No primary care locations were included in the NMC's first set of pilots for its new model of revalidation.
These are due to be announced later in the year alongside those in social care, self-employed settings and the independent sector.
The organisations participating in the first set of pilots are Aneurin Bevan University Health Board, Guys and St Thomas' NHS Foundation Trust, Mersey Care NHS Trust, NHS Tayside (and local partners), Public Health England, and Western Health and Social Care Trust.
Participants are being sought from the nurses and midwives employed by these organisations to pilot the revalidation model. This will help the NMC refine its workability and make any improvements before it is introduced at the end of 2015.
Dr Peter Carter, chief executive of the RCN, said: 'It is important that these pilots reflect the wide range of settings in which nurses work, including primary care, the community, and those working outside the public sector, and the next pilot announcements should reflect this.'
The NHS Employers organisation agreed. Sue Covill, director of employment services, said: 'Having only five NHS organisations take part, from across all parts of the UK, restricts the ability to extract and share learning and build momentum across the system- all of which are essential ingredients for a successful rollout of revalidation.
'We are pleased to see that further sites are to be announced next month to ensure that the pilots cover all settings and circumstances in which registrants practice but we would urge the NMC to consider extending the number of NHS pilots and we would be happy to facilitate discussions with employers for this to happen quickly.'
However, a spokesperson from the NMC said a date had not been set for further pilots, just that they would happen this year.
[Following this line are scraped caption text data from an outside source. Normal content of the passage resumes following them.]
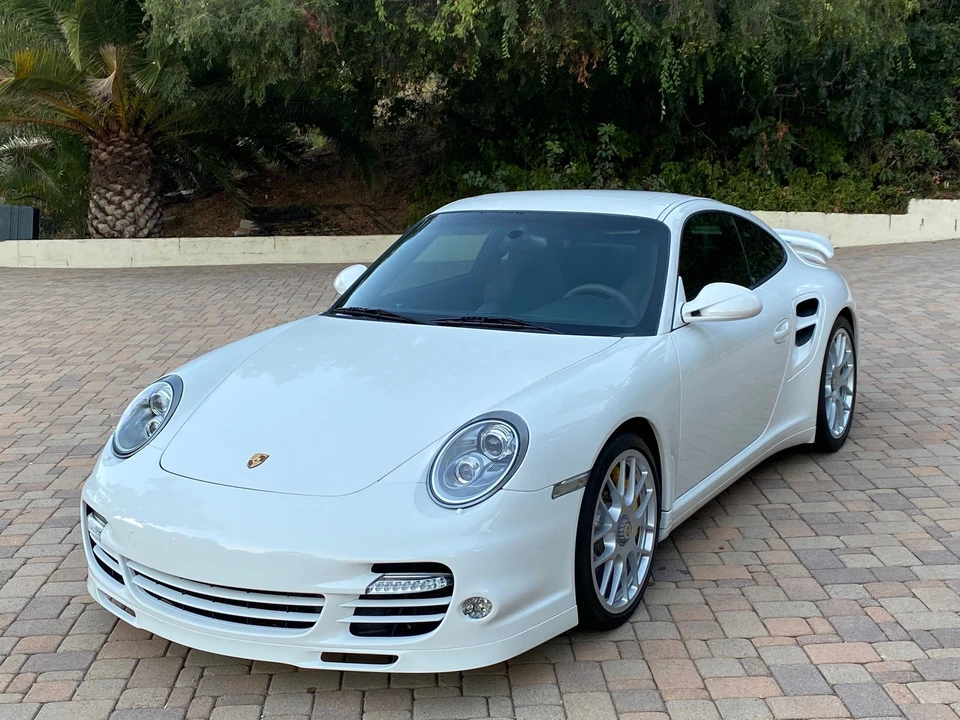 2012 Porsche 997 Turbo S - Image 5 of 31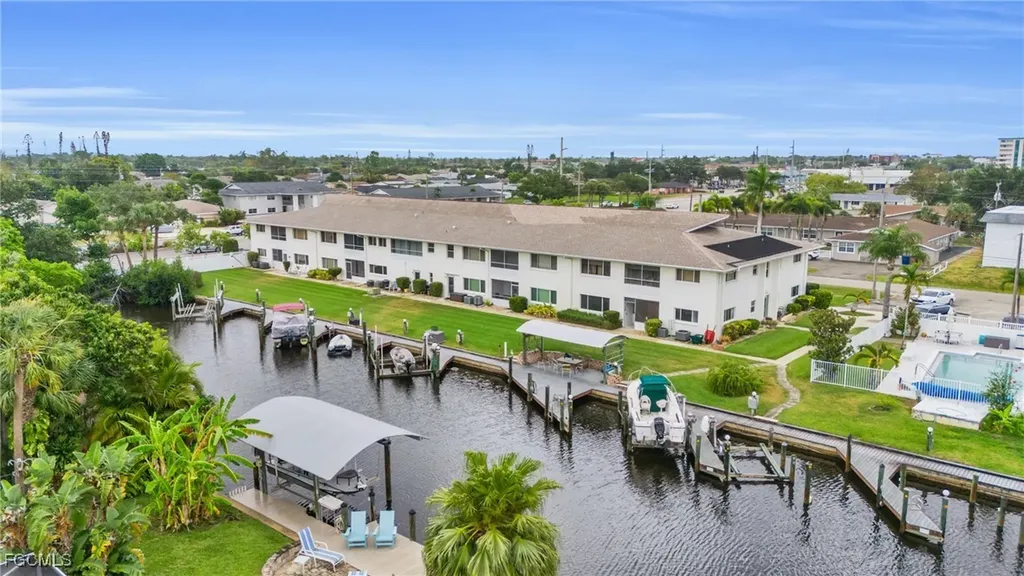 4802 Tudor Drive Cape Coral FL 33904
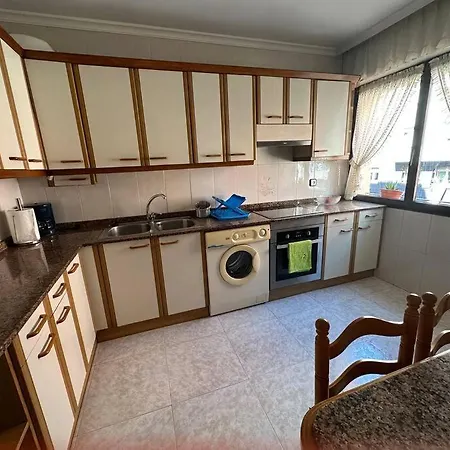 Comodo Y Centrico Apto. En Gijón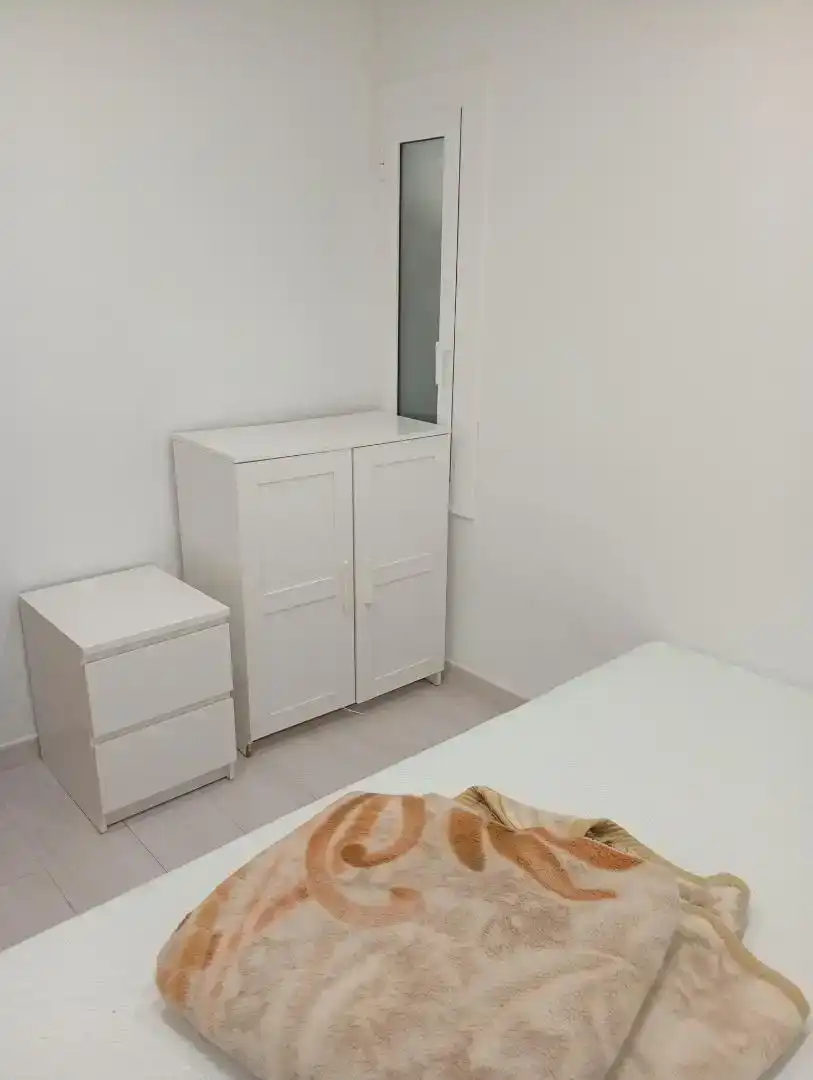 Bedroom of Flat for share in Ripollet  with Furnished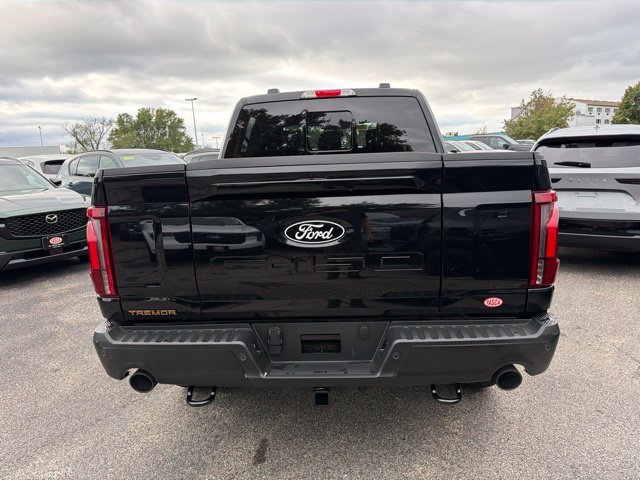 New 2026 Agate Black Metallic Ford Tremor® image 6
They said the NMC is still in talks with employers that it wants to work with.
Jackie Smith, the chief executive of the NMC, said: 'Revalidation is an important system of regular checks to make sure that nurses and midwives are up to date and fit to practice throughout their careers.
'The people who help us pilot the system of revalidation have an essential role to play in developing this new system, which will be the biggest change to the way nurses and midwives are regulated in decades.'
Revalidation will require nurses and midwives to confirm to the NMC that they are up to date and fit to practice every three years, through third-party feedback.